Use the pdftools package to read in fn using the pdf_text function. Store the results in an object called txt.

txt <- pdf_text(fn)
class(txt)
## [1] "character"
str(txt)
##  chr [1:12] "6/4/2018                       Departamento de Salud - Registro Demográfico - División de Calidad y Estadística"| __truncated__ ...
length(txt)
## [1] 12

Describe what you see in txt.

  • A. A table with the mortality data.
  • B. A character string of length 12. Each entry represents the text in each page. The mortality data is in there somewhere.
  • C. A character string with one entry containing all the information in the PDF file.
  • D. An html document.
  1. Extract the ninth page of the PDF file from the object txt, then use the str_split function from the stringr package so that you have each line in a different entry. The new line character is \n. Call this string vector x.

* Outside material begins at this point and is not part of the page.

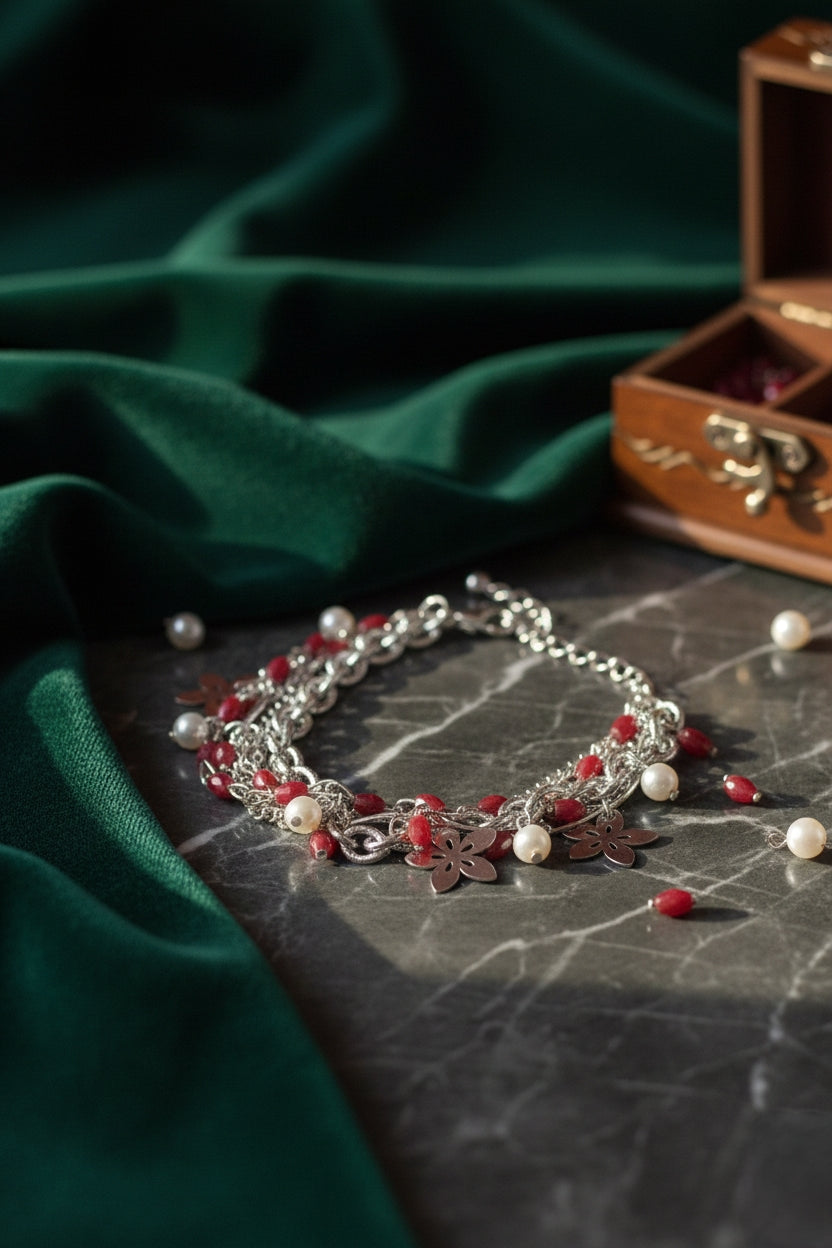 Layered  Bracelet with Red Beads & Pearls ❤️🤍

Look at x. What best describes what you see?

What kind of object is x?

How many entries does x have?

x <- str_split(txt[9], "\n")
class(x)
## [1] "list"
length(x)
## [1] 1
  • A. It is an empty string.
  • B. I can see the figure shown in page 1.
  • C. It is a tidy table.
  • D. I can see the table! But there is a bunch of other stuff we need to get rid of.
  1. Define s to be the first entry of the x object.

What kind of object is s?

How many entries does s have?

s <- x[[1]]
class(s)
## [1] "character"
length(s)
## [1] 40
  1. When inspecting the string we obtained above, we see a common problem: white space before and after the other characters. Trimming is a common first step in string processing. These extra spaces will eventually make splitting the strings hard so we start by removing them.

We learned about the command str_trimthat removes spaces at the start or end of the strings. Use this function to trim s and assign the result to s again.

After trimming, what single character is the last character of element 1 of s?

s <- str_trim(s)
s[1] # print string, visually inspect last character
## [1] "6/4/2018                               Departamento de Salud - Registro Demográfico - División de Calidad y Estadísticas Vitales"
  1. We want to extract the numbers from the strings stored in s. However, there are a lot of non-numeric characters that will get in the way. We can remove these, but before doing this we want to preserve the string with the column header, which includes the month abbreviation.

Use the str_which function to find the row with the header. Save this result to header_index.
Hint: find the first string that matches the pattern "2015" using the str_which function.

What is the value of header_index?

header_index <- str_which(s, pattern="2015")[1]
header_index
## [1] 2
  1. We want to extract two objects from the header row: month will store the month and header will store the column names.
    Save the content of the header row into an object called header, then use str_split to help define the two objects we need.

What is the value of month? Use header_index to extract the row. The separator here is one or more spaces. Also, consider using the simplify argument.

What is the third value in header?

tmp <- str_split(s[header_index], pattern="\\s+", simplify=TRUE)
month <- tmp[1]
header <- tmp[-1]
month
## [1] "SEP"
header[3]
## [1] "2017"

5.5.4 Puerto Rico Hurricane Mortality - Part 2

  1. Notice that towards the end of the page defined by s you see a “Total” row followed by rows with other summary statistics. Create an object called tail_index with the index of the “Total” entry.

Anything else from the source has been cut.